**Exercise details**
For this exercise, repeat exactly the lines below starting at the line holding "2021 Panini Mosaic" and ending at the line holding "Louis Vuitton Black Leather Shoulder Bag", both included, with no extra lines and no pictures.

**Input data**

════════

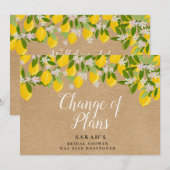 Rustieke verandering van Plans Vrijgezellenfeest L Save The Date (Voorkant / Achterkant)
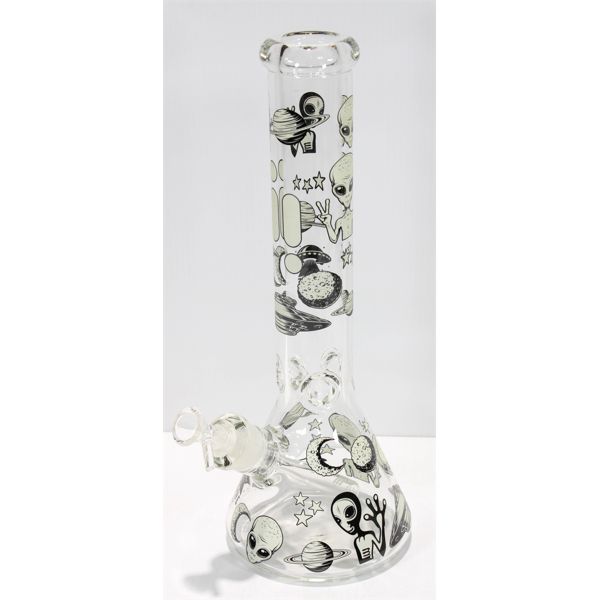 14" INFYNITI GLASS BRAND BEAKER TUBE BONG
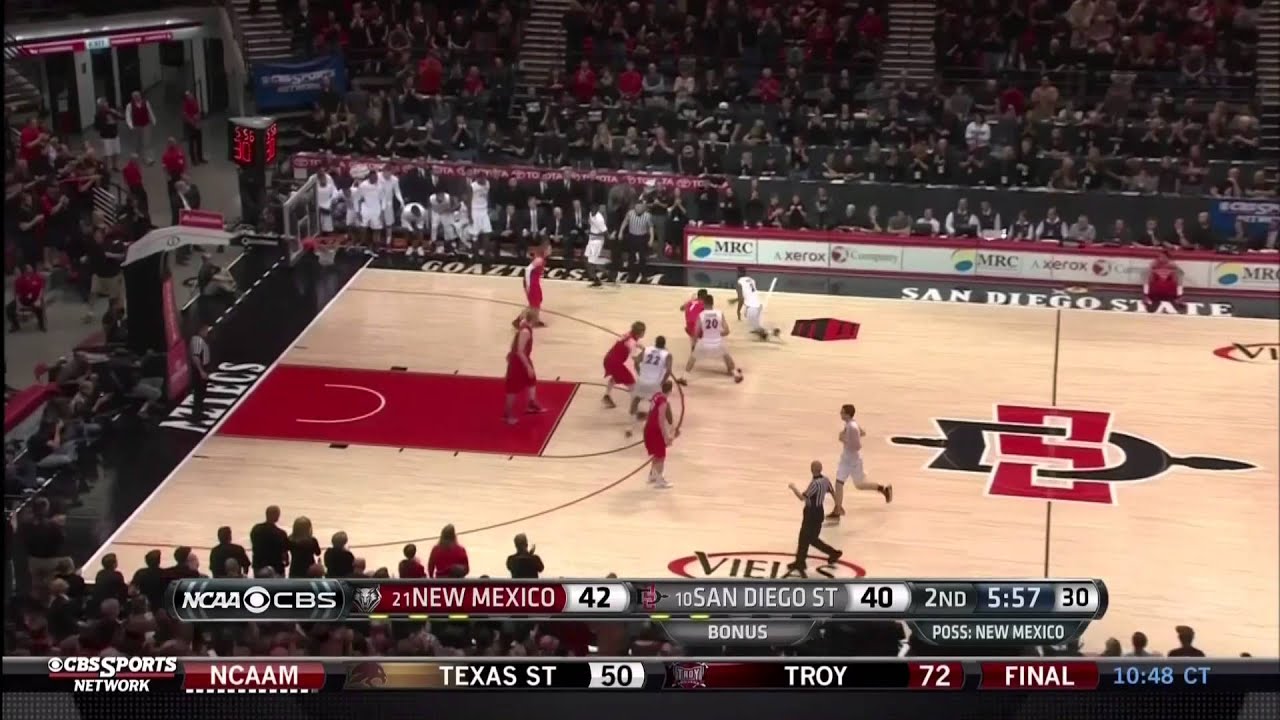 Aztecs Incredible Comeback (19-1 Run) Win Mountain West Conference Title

════════

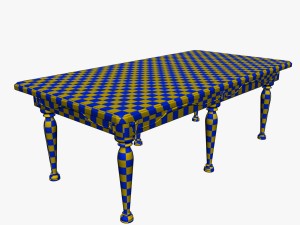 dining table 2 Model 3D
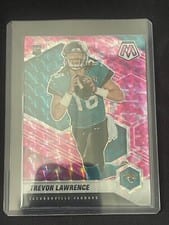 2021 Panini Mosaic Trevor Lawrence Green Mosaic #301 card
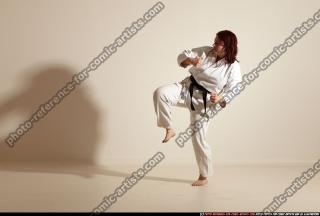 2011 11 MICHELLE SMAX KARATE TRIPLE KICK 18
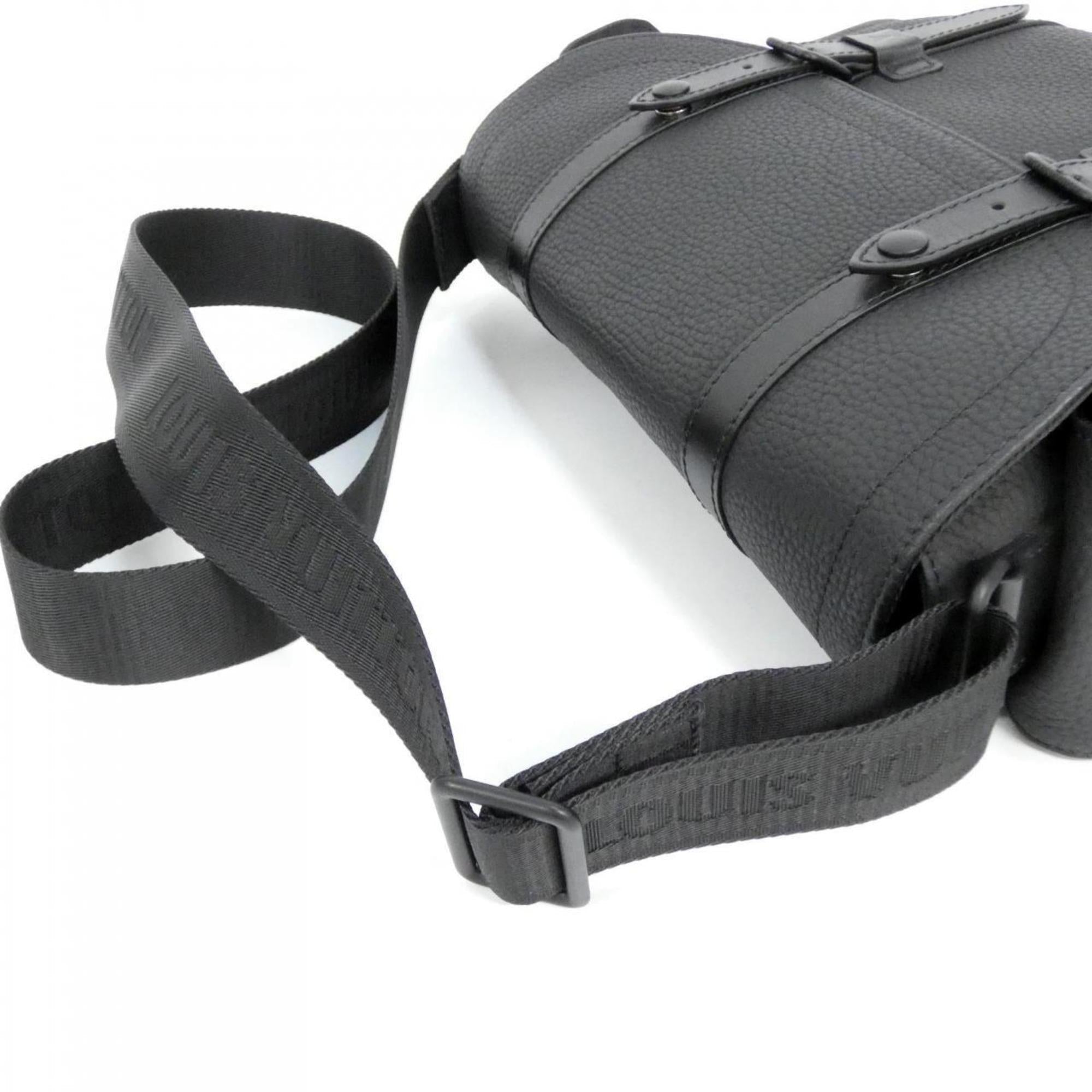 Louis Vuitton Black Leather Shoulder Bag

════════

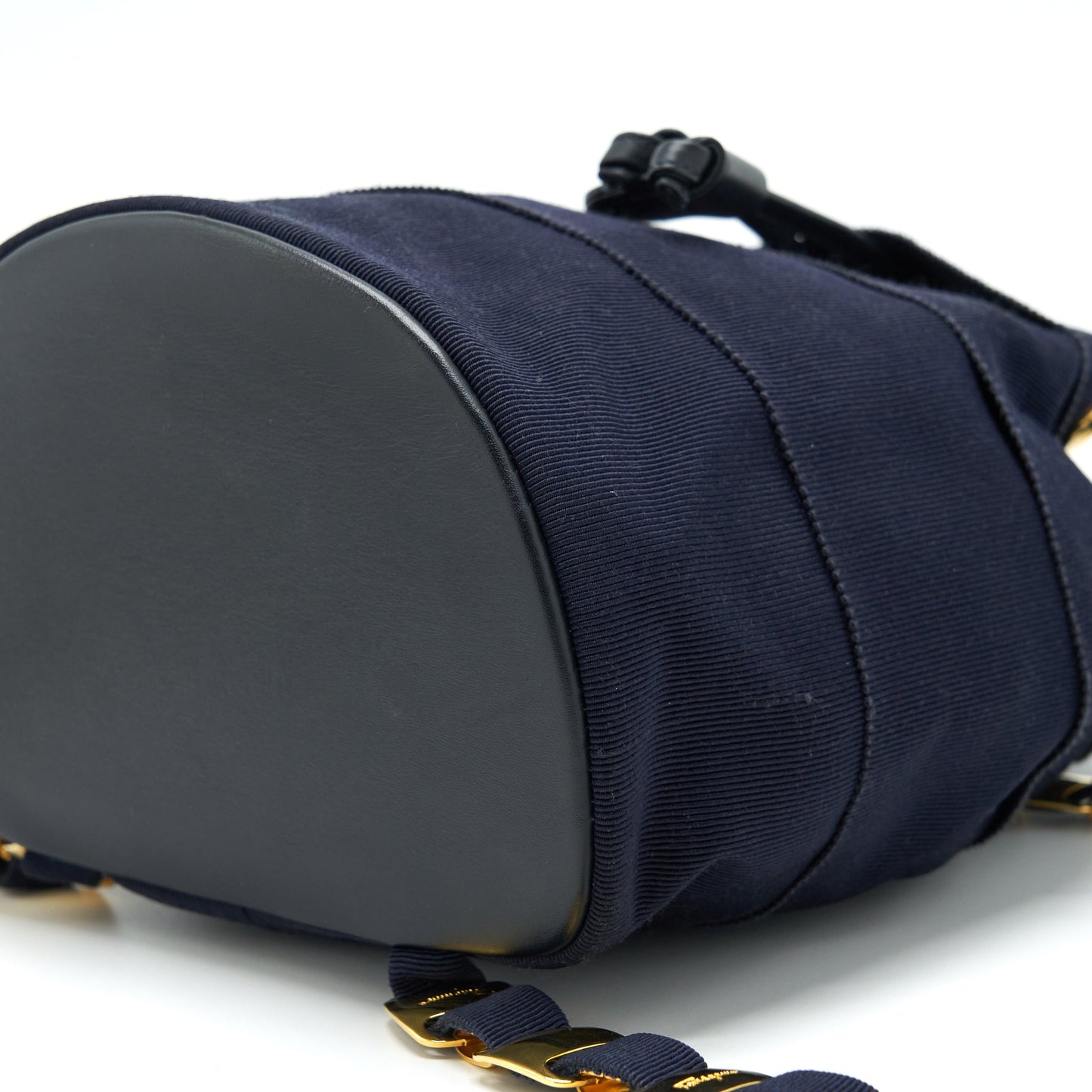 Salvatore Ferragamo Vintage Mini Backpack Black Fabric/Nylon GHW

════════

**Your solution**
 2021 Panini Mosaic Trevor Lawrence Green Mosaic #301 card
 2011 11 MICHELLE SMAX KARATE TRIPLE KICK 18
 Louis Vuitton Black Leather Shoulder Bag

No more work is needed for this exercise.